Bristol Bay run props inlet prices

Reds keep fishers in black

Posted: Thursday, July 06, 2000

A lower-than-projected sockeye salmon return in Bristol Bay is bolstering Cook Inlet fish prices.

The Alaska Department of Fish and Game reported Thursday that the catch of reds in Bristol Bay to date was 12.4 million -- far below the 23 million projected. With the peak of the run in the world's largest salmon fishery traditionally coming the week of the Fourth of July, it appears that projections won't be met.

And that could be good news for inlet fishers.
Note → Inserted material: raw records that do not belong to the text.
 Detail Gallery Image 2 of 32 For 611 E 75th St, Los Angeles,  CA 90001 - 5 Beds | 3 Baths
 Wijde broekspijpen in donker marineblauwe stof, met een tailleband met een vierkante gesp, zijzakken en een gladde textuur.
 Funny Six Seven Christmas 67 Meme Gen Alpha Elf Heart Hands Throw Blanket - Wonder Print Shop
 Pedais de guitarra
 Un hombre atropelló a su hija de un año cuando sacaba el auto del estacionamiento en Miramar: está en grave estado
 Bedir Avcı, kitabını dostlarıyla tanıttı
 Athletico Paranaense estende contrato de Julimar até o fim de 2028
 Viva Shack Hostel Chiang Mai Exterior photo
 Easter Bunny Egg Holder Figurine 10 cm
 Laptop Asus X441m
With the price of Bristol Bay salmon hovering between 50 and 60 cents a pound, and supply trailing demand, Cook Inlet prices are staying up.

"It's looking pretty darn good," said Kenai Peninsula Fishermen's Association president Rob Williams. "The posted price is 80 cents, with 10 cents more for delivery, that brings it to 90 cents per pound."

Williams said posted prices early in the season usually range between 70 and 90 cents and usually change depending on what happens in Bristol Bay.

"If Bristol Bay stays under 30 million (fish caught), that usually helps our price," he said. "But it looks like they're not going to make that."

Williams also said the salmon in his catch during Monday's opening were bigger than normal.

"They were about a half-pound larger than usual, making them 5 1/2 pounds," he said.

He said part of the success of the good opener Monday was a strong southwest wind, which helped push the reds up the inlet.

Fish and Game's Jeff Fox said east side setnetters brought in 22,000 reds on Monday, with driftnetters accounting for 42,000, for an average of 101 fish per boat.

"Actually it was a reasonably good catch, not great, but spread out over everyone," Fox said.

Total catch in Cook Inlet so far is 117,000 sockeye.

Escapement of reds up the Kenai River Tuesday was 3,400, bringing the total to 10,000. Two thousand reds went up the Kasilof on Tuesday, bringing its escapement to 81,000, Fish and Game said.

"The escapement is par for the course," Fox said. "But until July 10, there's nothing in the Kenai River."

He said once the peak of the run hits, escapements range from 10,000 to 150,000 reds a day.

Reports from Bristol Bay say there is a shortage of two-ocean 5-year-olds in this year's run. Fox said it's too early to tell what the make up of the Cook Inlet run is, though.

"If anything, we are missing two-ocean reds from the Kasilof, but it's too early to be guessing," he said.

Fishers will get another shot at the red salmon today, though the Kenai and East Foreland subdistricts will remain closed. Those subdistricts are scheduled to open on Monday. In other commercial fishing news, KPFA elected three new board members at Saturday's meeting, Williams said. They are Gene Palm, Paul Shudura and Mike Wiley.

At the United Cook Inlet Drift Association meeting, also on Saturday, Bob Merchant was elected president, succeeding Phil Squires. All other officers remain the same. Dyer VanDevere was elected to the board of directors.